--- EXERCISE DIRECTIONS ---
Output only the lines below that start at the line containing "2014 HYUNDAI SONATA SE 2.0T" and end at the line containing "Fone de Ouvido", with both ends kept.

[[ EXERCISE INPUTS open ]]

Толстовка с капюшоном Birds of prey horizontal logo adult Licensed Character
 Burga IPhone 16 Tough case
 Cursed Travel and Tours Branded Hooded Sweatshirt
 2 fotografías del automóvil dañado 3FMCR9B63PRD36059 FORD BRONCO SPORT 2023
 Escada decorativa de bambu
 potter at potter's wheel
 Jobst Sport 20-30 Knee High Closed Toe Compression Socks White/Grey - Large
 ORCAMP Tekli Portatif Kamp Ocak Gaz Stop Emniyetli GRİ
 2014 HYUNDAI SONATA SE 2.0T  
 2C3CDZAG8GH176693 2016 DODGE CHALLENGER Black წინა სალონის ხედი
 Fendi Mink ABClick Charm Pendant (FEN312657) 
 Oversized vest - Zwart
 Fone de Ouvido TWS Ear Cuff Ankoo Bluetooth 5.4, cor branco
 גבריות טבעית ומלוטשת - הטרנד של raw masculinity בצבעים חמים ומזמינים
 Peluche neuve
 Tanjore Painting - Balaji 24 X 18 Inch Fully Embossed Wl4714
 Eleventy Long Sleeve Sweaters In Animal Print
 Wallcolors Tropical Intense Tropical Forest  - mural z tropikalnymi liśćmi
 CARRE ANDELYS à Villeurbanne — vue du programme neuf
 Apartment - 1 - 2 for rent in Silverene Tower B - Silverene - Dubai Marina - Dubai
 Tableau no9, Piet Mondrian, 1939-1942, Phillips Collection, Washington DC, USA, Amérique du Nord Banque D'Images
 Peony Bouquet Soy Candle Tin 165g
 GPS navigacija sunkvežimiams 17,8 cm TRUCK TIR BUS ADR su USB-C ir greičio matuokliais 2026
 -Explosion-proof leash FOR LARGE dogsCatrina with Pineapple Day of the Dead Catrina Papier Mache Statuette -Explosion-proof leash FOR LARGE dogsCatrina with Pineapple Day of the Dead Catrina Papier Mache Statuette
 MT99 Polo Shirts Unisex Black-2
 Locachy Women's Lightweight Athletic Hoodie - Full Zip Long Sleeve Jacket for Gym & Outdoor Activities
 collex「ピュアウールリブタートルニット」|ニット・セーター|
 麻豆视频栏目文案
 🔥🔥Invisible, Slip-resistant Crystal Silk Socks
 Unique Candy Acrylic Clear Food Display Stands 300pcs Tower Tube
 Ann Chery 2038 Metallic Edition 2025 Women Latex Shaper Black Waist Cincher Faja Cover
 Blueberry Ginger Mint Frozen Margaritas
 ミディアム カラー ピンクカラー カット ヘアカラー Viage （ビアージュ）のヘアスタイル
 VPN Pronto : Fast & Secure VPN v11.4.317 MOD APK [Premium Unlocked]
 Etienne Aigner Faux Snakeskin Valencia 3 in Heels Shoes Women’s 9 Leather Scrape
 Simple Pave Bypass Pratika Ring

[[ EXERCISE INPUTS closed ]]

--- OUTPUT ---
 2014 HYUNDAI SONATA SE 2.0T  
 2C3CDZAG8GH176693 2016 DODGE CHALLENGER Black წინა სალონის ხედი
 Fendi Mink ABClick Charm Pendant (FEN312657) 
 Oversized vest - Zwart
 Fone de Ouvido TWS Ear Cuff Ankoo Bluetooth 5.4, cor branco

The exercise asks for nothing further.